To date, the focus has been stimulating economic growth to create wealth as a means to achieve poverty reduction. In order to stimulate economic growth, the government has put emphasis on trade and private sector development. Initiatives have been taken to see establishment of new investments like cotton industry (MGDS, 2008). Agriculture, education, mining and tourism have also been given priority to facilitate creation of wealth to reduce poverty (ibid). The contribution of agriculture to economic development is enormous, as evidenced by the favorable direct and indirect impacts of agricultural growth and investment on Malawi’s economy, in terms of national income, inflation, interest rates, exchange rates and other macro economic variables (Kumwenda I, 2009). Malawi economy has for so long been agri-based. Most of the exports are agricultural produce like tobacco, tea, coffee and sugar. Of late the country has been exporting maize to countries like Zimbabwe. The market of these agricultural produce has been a challenge due to dropping of prices at international level.Manufacturing industry is still in small and in 2004accounted for 11% of the GDP; construction, 2%; electricity and water, 1%; and mining and quarrying, 1% (Yager R.T, 2004). Formal employment in the mining sector amounted to about 2,700 workers in 2004 (ibid).These efforts have seen steady economic growth of about 6% per year since 2006 (MGDS, 2008). This has contributed to reduction of poverty levelfrom 52% in 2004 to 39% in 2009, while ultra poor level has reduced from 22% to 15% during the same period (NSO, 2009). The significance of this economic growth has been watered down partly due to the rapid increase in population in the country. The national population increased from 9million to 13 million between 1998 and 2008 (NSO, 2009). This implies that there are over 5million people who are living below poverty line, 2 million of them in extreme poverty and these are the people who need urgent attention.
The objective of this paper is to critically discuss two options of promoting economic growth alone and hope that poverty will be reduced due to the trickle down effect or take an affirmative action of protecting the poor and vulnerable through economic growth and social protection.
Poverty Reduction through Economic Growth or Economic Growth and Social Protection.
Since independence in 1964, Government of Malawi has been trying to improve its export base through agricultural produce and manufacturing. To promote agriculture and trade, government initiated establishment of cotton ginnery, clothe manufacturing factory called David Whitehead and Sons, Sugar Corporation of Malawi, Malawi Development Corporation, Agricultural Development and Marketing Corporation, and Grain and Milling Company among others. In the early 1970s and 1980s these companies were doing well but things changed following structural adjustment programs through which one of the conditions was to liberalize trade. This process of privatization had its own negative impact on the manufacturing industries (Chirwa E.W., 2001). Companies were closed and some those which survived trimmed their human resource which resulted in increased unemployment. The situation has not improved for the poor Malawians in the rural areas. Poverty is still rampant (NSO, 2009).

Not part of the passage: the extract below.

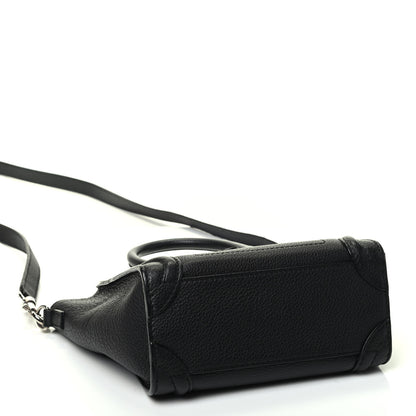 Celine Drummed Calfskin Nano Luggage Black 3 of 4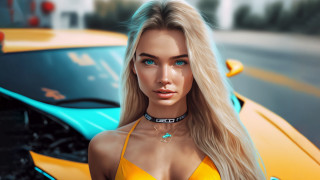 Yellow bikini sports car city - digital painting free wallpaper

The Government has two options , either it continues investing in programs which will promote economic growth and in the long run poverty is reduced through trickling down or it start taking affirmative action by making sure that the poor are protected and their potentials unlocked from abject poverty.
Based on the past experience which has seen the country’s poverty levels not significantly changing for any better but instead the number of people trapped in poverty is still high at 5 million,government should make quick decision on affirmative action. It would not be of any value that economy is growing at 6% but majority of people including children are still struggling with poverty. Continuing prioritizing on economic growth alone will see over 837,000 orphans (NSO, 2009) most of them in extreme households live a hard life. They have to find their own means of survival before they start enjoying their right to development. Close to half a million disabled people (ibid) most of them have children who need support for education, food and health, have to wait for the economy to growbefore benefits trickle down to them. Over 43% of the total households will continue surviving on only two meals a day because they cannot afford three meals a day (ibid). At current rate of economic grwoth, it may be suicide to hope that wealth generation will be sufficient enough to automatically trickle down to the poor. Profits realized from trade are not always ploughed back into business to generate more work for people; some money is moved out of trade (Funke, Fall 2010).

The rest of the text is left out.